U.S. industry lobby group the National Biodiesel Board has asked the Environment Protection Agency to immediately establish biodiesel volumes under the Renewable Fuel Standard as it highlighted fallout from the government’s failure to establish a clear renewable fuels policy for the second consecutive year.
In a letter to EPA Administrator Gina McCarthy, former biodiesel producer and NBB Governing Board Member Ben Wootton challenged McCarthy’s recent comments suggesting that the RFS delays haven’t hurt renewable fuels industries. Wootton lost his Pennsylvania biodiesel plant, Keystone Biofuels, in bankruptcy last year as a result of RFS uncertainty. In his letter, he explained to McCarthy how the loss of his plant also forced him to lay off 30 employees and caused him to lose his daughters’ college funds and his retirement savings.
Wootton pointed to a statement late last year in which McCarthy said: “While I would have preferred to have this rule done earlier, it hasn’t slowed down that industry that I can see.”
“I would invite Administrator McCarthy to come to my shuttered plant and talk to some of the laid off workers, or to visit practically any biodiesel plant across the country to see the damage that is taking place,” Wootton said.“It is obvious that this administration doesn’t understand the severe damage that the uncertainty surrounding this rule has caused our industry and the thousands of employees it represents. It is beyond frustrating that an Administration I have strongly supported has inflicted so much harm on an industry it says it supports.”
The EPA has failed to establish biodiesel volume requirements under the RFS for 2014, 2015 and 2016, the NBB said. “Under statute, all three years’ volumes should have been set,” it said.
“While certain sectors of the renewable fuels industry have fared better in absorbing the RFS uncertainty – particularly more mature industries such as corn ethanol – the delays have been disastrous for new industries still getting off the ground.
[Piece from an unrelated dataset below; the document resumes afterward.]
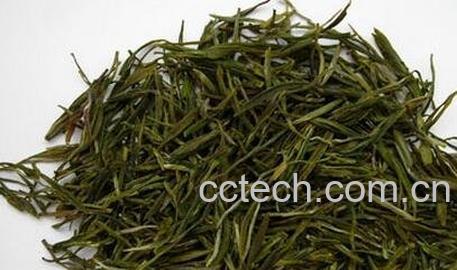 碧峰茶和毛尖的区别-0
This is particularly true for biodiesel, the first EPA-designated Advanced Biofuel under the RFS to reach commercial-scale production nationwide.”
The EPA earlier this week approved a streamlined approach for allowing imports of Argentinian biodiesel into the U.S. – fast-tracking foreign imports under the RFS that are subsidized by Argentinian tax policy and are likely to undercut U.S. production. The decision has been perceived by biodiesel producers and the domestic soybean industry as adding insult to injury, the NBB said.